CELEBRACIÓN DE LAS SEGUNDAS VÍSPERAS
AL FINAL DE LA SEMANA DE ORACIÓN
POR LA UNIDAD DE LOS CRISTIANOS
HOMILÍA DEL SANTO PADRE BENEDICTO XVI
Fiesta de la conversión del apóstol san Pablo
Basílica de San Pablo Extramuros
Lunes 25 de enero de 2010
Queridos hermanos y hermanas:
Reunidos en fraterna asamblea litúrgica, en la fiesta de la conversión del apóstol
san Pablo, concluimos hoy la Semana anual de oración por la unidad de los
cristianos. Quiero saludaros a todos con afecto y, en particular, al cardenal
Walter Kasper, presidente del Consejo pontificio para la promoción de la unidad
de los cristianos, y al arcipreste de esta basílica, monseñor Francesco Monterisi,
al abad y a la comunidad de los monjes, que nos ofrecen su hospitalidad.

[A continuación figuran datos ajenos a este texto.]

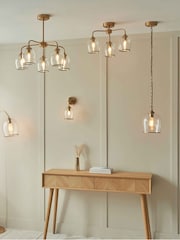 Gallery Home Aged Brass Ashton Floor Light - Image 4 of 5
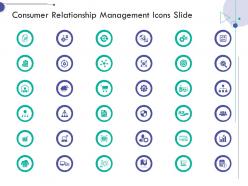Consumer relationship management icons slide ppt icon templates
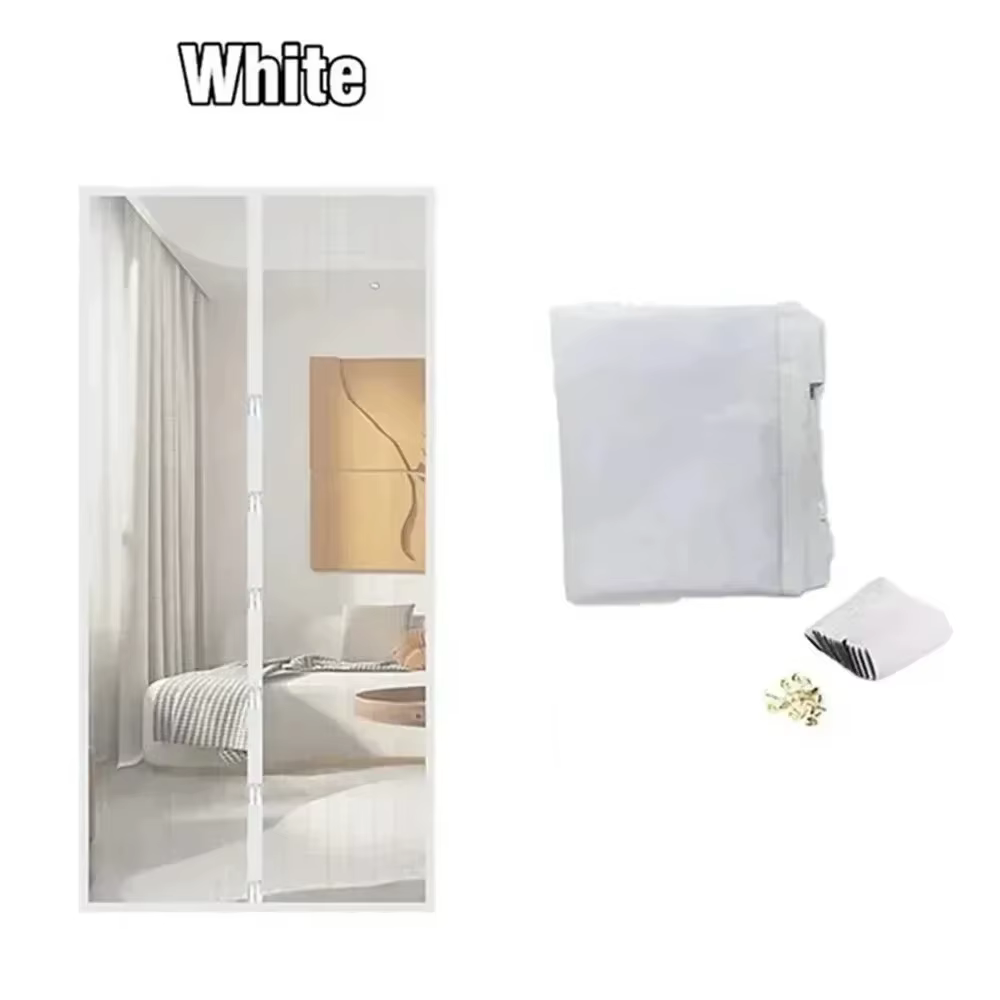 Rideaux anti-moustiques pour portes, moustiquaire magnétique pour porte et fenêtre, fermeture automa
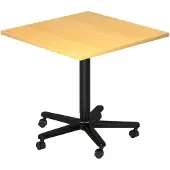 Hjh OFFICE PRO Table de conférence (80 x 80 x 114 cm)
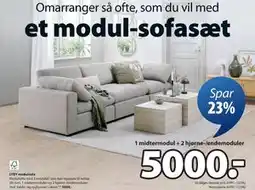JYSK LYBY modulsofa, DKK 5000 tilbud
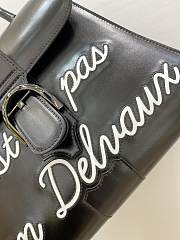 Kitlife Delvaux Humour MM Brillant Satchel in Black 28cm - 2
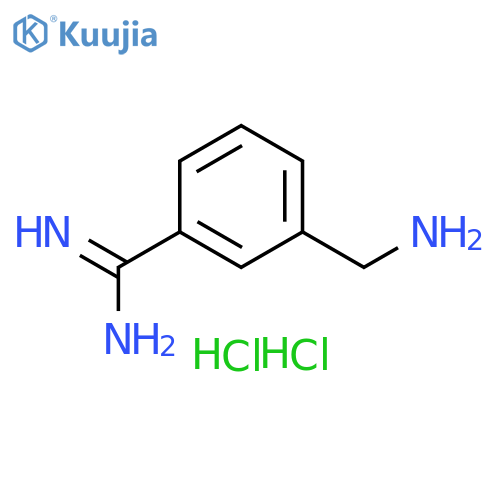 3-(aminomethyl)benzene-1-carboximidamide structure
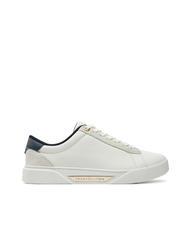 TOMMY HILFIGER CHIC COURT Tenisi din piele ecru - Pantofi femei - 2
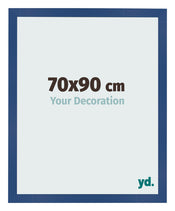 Bilderrahmen 70x90 cm Dunkelblau MDF Bologna Vorne Messe | Yourdecoration.de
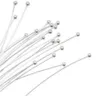 1000 stks veel Verzilverd Ball Head Pins Voor Sieraden Maken 18 20 24 26 30 40 50mm252O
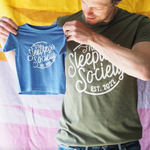 Personalised Sleepless Society Daddy And Me Clothing Set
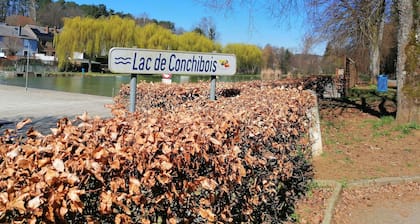 Nice Chalet by the Woods in Saint-leger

Asimismo, dirijo mi cordial saludo a los señores cardenales presentes, a los
obispos y a todos los representantes de las Iglesias y de las comunidades
eclesiales de la ciudad, aquí reunidos.
Han pasado pocos meses desde que concluyó el Año dedicado a san Pablo, que
nos ha brindado la posibilidad de profundizar en su extraordinaria obra de
predicador del Evangelio y, como nos ha recordado el tema de la Semana de
oración por la unidad de los cristianos —"Vosotros sois testigos de todo esto"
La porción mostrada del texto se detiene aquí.